6 Amendments of Salvador SEDÓ i ALABART related to 2012/0192(COD)
Amendment 53 #
Proposal for a regulation
Recital 52
Recital 52
(52) The database should contain all relevant information as regards the clinical trial. No personal data of data subjects participating in a clinical trial should be recorded in the database and allow public dissemination of objective information in order to support European research and to increase knowledge in the field of public health. It should not undermine innovation or competitiveness of European industries. No personal data of data subjects participating in a clinical trial should be recorded in the database, and it should not hamper the protection of commercial interests, including intellectual property, as foreseen by Article 4 of Regulation 1049/2001. The information in the database should be public, unless specific reasons require that a piece of information should not be published, in order to protect the right of the individual to private life and the right to the protection of personal data, recognised by Articles 7 and 8 of the Charter of Fundamental Rights of the European Union, or commercially confidential information, as foreseen by Article 4 of Regulation 1049/2001..
Amendment 54 #
Proposal for a regulation
Recital 52 a (new)
Recital 52 a (new)
(52a) Commercially confidential information should be identified and protected in order to avoid harming the interests of patients and/or the competitive position of the sponsors.
Amendment 146 #
Proposal for a regulation
Article 34 – paragraph 3 – subparagraph 2 a (new)
Article 34 – paragraph 3 – subparagraph 2 a (new)
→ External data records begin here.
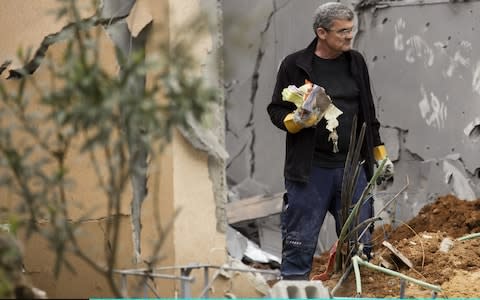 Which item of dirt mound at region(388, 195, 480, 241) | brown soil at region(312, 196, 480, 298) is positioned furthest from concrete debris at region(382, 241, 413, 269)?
dirt mound at region(388, 195, 480, 241)

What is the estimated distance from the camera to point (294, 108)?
6793mm

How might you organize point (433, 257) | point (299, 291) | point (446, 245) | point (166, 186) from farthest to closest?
point (446, 245)
point (433, 257)
point (166, 186)
point (299, 291)

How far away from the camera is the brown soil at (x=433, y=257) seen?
21.6 feet

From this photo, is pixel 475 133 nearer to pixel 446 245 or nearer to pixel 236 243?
pixel 446 245

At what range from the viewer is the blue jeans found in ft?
22.2

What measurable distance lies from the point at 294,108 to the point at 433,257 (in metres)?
1.40

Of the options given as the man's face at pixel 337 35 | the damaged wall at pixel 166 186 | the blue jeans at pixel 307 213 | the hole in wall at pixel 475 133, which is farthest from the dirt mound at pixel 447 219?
the damaged wall at pixel 166 186

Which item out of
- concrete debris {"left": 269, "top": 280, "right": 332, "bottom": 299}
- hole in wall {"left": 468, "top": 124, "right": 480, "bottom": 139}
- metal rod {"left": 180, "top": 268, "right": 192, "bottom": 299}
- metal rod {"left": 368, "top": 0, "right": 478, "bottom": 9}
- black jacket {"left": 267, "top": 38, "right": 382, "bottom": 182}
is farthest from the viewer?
metal rod {"left": 368, "top": 0, "right": 478, "bottom": 9}

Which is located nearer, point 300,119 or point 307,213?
point 300,119

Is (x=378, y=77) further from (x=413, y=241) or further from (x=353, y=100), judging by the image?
(x=353, y=100)

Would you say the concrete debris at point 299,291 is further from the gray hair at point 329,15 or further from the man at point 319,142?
the gray hair at point 329,15

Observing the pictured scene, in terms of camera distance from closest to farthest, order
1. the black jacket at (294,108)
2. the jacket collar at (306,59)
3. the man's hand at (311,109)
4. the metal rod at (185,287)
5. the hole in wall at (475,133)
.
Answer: the metal rod at (185,287) < the man's hand at (311,109) < the black jacket at (294,108) < the jacket collar at (306,59) < the hole in wall at (475,133)

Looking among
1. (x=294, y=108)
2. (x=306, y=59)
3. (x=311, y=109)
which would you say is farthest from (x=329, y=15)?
(x=311, y=109)

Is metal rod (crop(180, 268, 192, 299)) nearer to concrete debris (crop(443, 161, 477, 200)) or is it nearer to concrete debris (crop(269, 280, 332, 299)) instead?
concrete debris (crop(269, 280, 332, 299))
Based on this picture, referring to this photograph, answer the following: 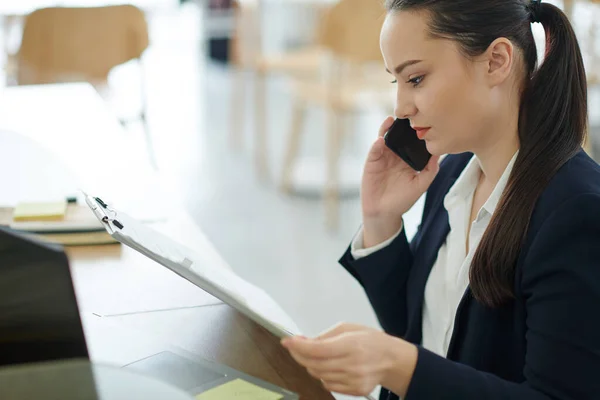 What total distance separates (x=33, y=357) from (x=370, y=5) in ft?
8.18

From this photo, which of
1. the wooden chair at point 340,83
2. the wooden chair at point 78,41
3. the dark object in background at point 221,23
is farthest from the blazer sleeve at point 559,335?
the dark object in background at point 221,23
In order to protect personal data and commercially confidential information and subject to the provisions of Article 78(3), the summary of the results of a clinical trial intended to obtain a marketing authorisation shall be made public 30 days after the date of the marketing authorisation or 1 year after the end of the clinical trial in case of the discontinuation of the product development.
Amendment 158 #
Proposal for a regulation
Article 78 – paragraph 2
Article 78 – paragraph 2
2. The EU database shall be established to enable the co-operation between the competent authorities of the Member States to the extent that it is necessary for the application of this Regulation and to search for specific clinical trials. It shall also enable sponsors to refer to previous submissions of an application for authorisation of a clinical trial or a substantial modification. Publicly available information contained in the database shall contribute to protecting public health and fostering the innovation capacity of European medical research, while recognising the legitimate economic interests of sponsors.
Amendment 161 #
Proposal for a regulation
Article 78 – paragraph 3 – indent 2
Article 78 – paragraph 3 – indent 2
– protecting commercially confidential information; specifically when related to clinical trials intended for the support of any marketing authorisation application for indications which have not yet been approved;
Amendment 163 #
Proposal for a regulation
Article 78 – paragraph 5
Article 78 – paragraph 5
5. No personal data of subjects, commercially confidential information or information undermining intellectual property rights shall be publicly accessible.